In [69]:
import sys

import numpy as np
import pandas as pd
from sklearn.datasets import load_breast_cancer
from sklearn.linear_model import Perceptron as SkPerceptron
from sklearn.metrics import accuracy_score
from sklearn.model_selection import train_test_split
from sklearn.neighbors import KNeighborsClassifier
from sklearn.preprocessing import StandardScaler, MinMaxScaler

SEED: int = 2132
USE_STANDARD_SCALER: bool = True

In [70]:
X, y = load_breast_cancer(return_X_y=True)

y = np.where(y == 1, 1, -1)

X_train, X_test, y_train, y_test = train_test_split(
    X, y, test_size=0.3, random_state=SEED, stratify=y
)

In [71]:
scaler = StandardScaler() if USE_STANDARD_SCALER else MinMaxScaler()

X_train = scaler.fit_transform(X_train)
X_test = scaler.transform(X_test)

Scaling is performed *after* splitting because otherwise, the rows corresponding to the test set would bias the computed mean and standard deviation, resulting in the model performing well on the test set, but perhaps not on unseen data.

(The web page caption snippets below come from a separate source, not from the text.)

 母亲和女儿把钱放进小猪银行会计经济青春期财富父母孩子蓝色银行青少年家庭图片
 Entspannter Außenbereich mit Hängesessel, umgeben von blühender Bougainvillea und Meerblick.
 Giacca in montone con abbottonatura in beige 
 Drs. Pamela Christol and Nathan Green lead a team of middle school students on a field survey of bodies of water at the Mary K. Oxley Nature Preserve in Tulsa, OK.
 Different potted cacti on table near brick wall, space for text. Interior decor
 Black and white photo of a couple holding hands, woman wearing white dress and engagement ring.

This phenomenon is referred to as data leakage.

In [None]:
class Perceptron:
    def __init__(self, iters: int = 1000):
        self.iters: int = iters
        self.w = None

    def fit(self, X_train, y_train) -> None:
        if self.w is not None:
            print("Overwriting previous weights.", file=sys.stderr)

        n_dim: int = X_train[0].shape[0]

        # self.w = np.random.randn(n_dim)
        rng = np.random.default_rng(SEED)
        self.w = rng.standard_normal(n_dim)

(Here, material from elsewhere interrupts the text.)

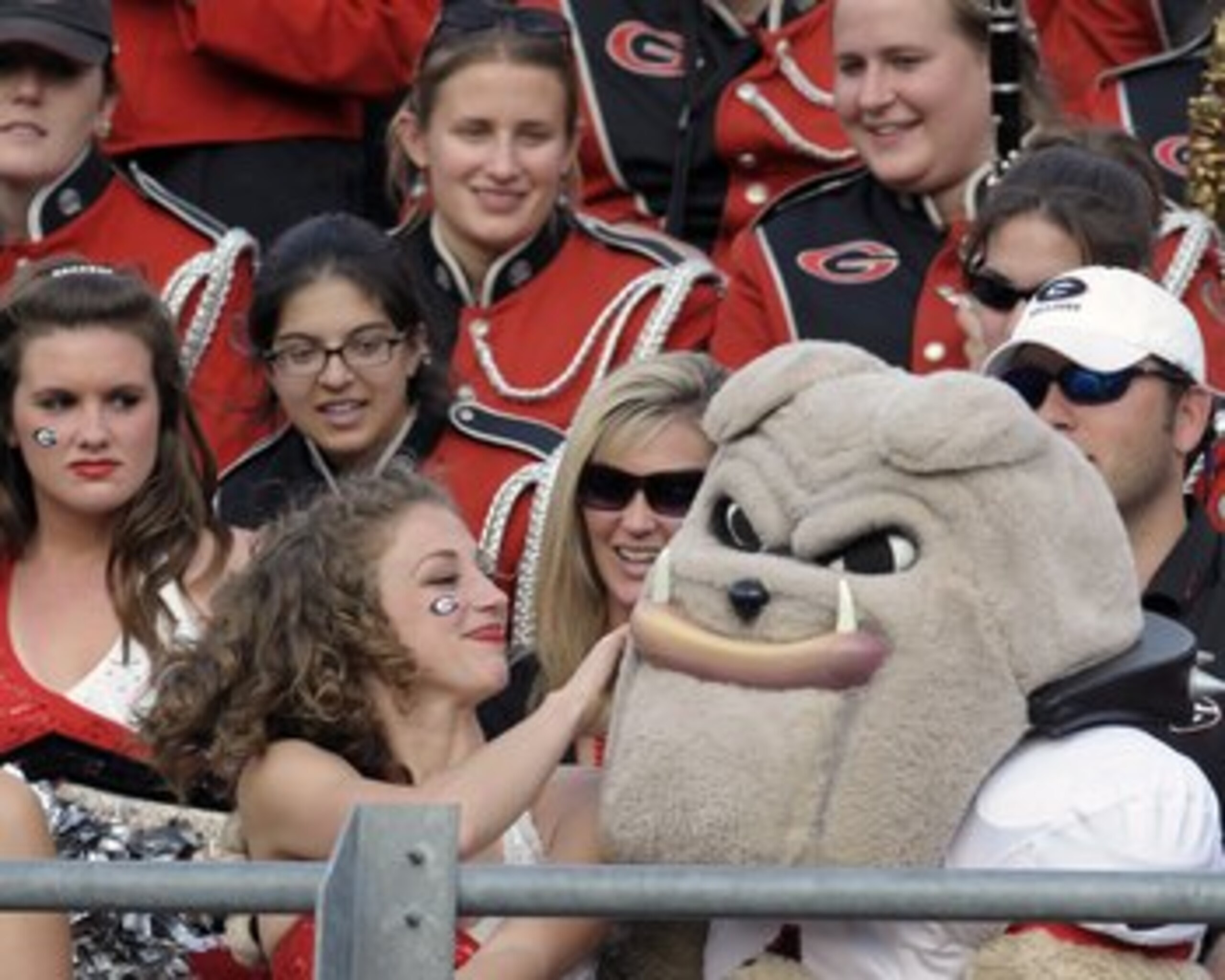 ORLANDO, FL - JANUARY 1: A cheerleader of the University of Georgia pets Hairy Dawg, the costumed team mascot during play against the Michigan State Spartans at the 2009 Capital One Bowl at the Citrus Bowl on January 1, 2009 in Orlando, Florida.  (Photo b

        for i in range(self.iters):
            for x, y in zip(X_train, y_train):
                if y * (self.w @ x) < 0:
                    self.w = self.w + (y * x)

        return

    def predict(self, X_test):
        if self.w is None:
            raise RuntimeError("Model has not been trained.")

        n_rows: int = X_test.shape[0]
        y_pred = np.zeros(n_rows)

        for i, x in enumerate(X_test):
            y_pred[i] = 1 if self.w @ x > 0 else -1

        return y_pred

In [73]:
p = Perceptron()
p.fit(X_train, y_train)
y_pred = p.predict(X_test)
print("Accuracy (Custom):", accuracy_score(y_test,y_pred))

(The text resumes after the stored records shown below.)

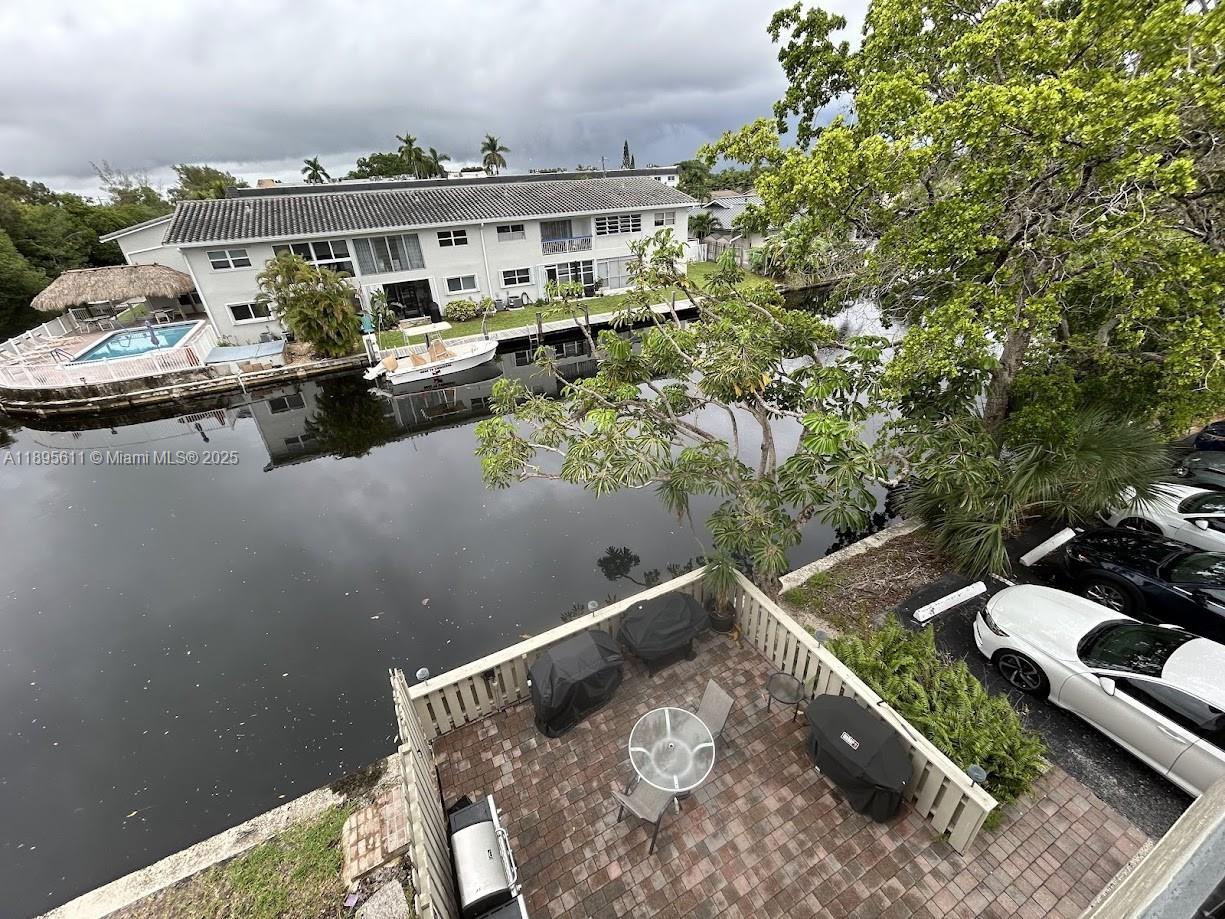 1400 Northeast 54th Street, Unit 306 Fort Lauderdale, FL 33334 - Photo 12 of 12 a view of a lake with a house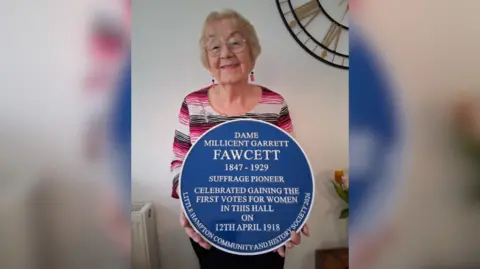 Christina Merry The image shows a woman holding up a blue plaque commemorating Suffragette Dame Millicent Garrett Fawcet.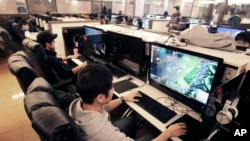 Shin Minchul, bottom, a 21-year-old college student, plays online computer games at an Internet cafe in Seoul, South Korea, Wednesday, Dec. 11, 2013.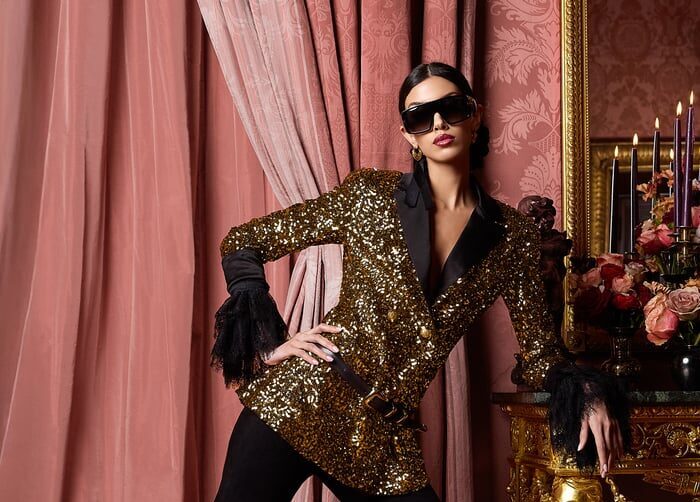 A woman in a sparkly jacket and sunglasses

Accuracy (Custom): 0.9707602339181286


In [74]:
clf = SkPerceptron(tol=1e-3, random_state=SEED)
clf.fit(X_train, y_train)
y_pred = clf.predict(X_test)
print("Accuracy (Scikit Perceptron):", accuracy_score(y_test,y_pred))

Accuracy (Scikit Perceptron): 0.9707602339181286


In [75]:
knn = KNeighborsClassifier(n_neighbors=2)
knn.fit(X_train, y_train)
y_pred = knn.predict(X_test)
print("Accuracy (Scikit KNN):", accuracy_score(y_test,y_pred))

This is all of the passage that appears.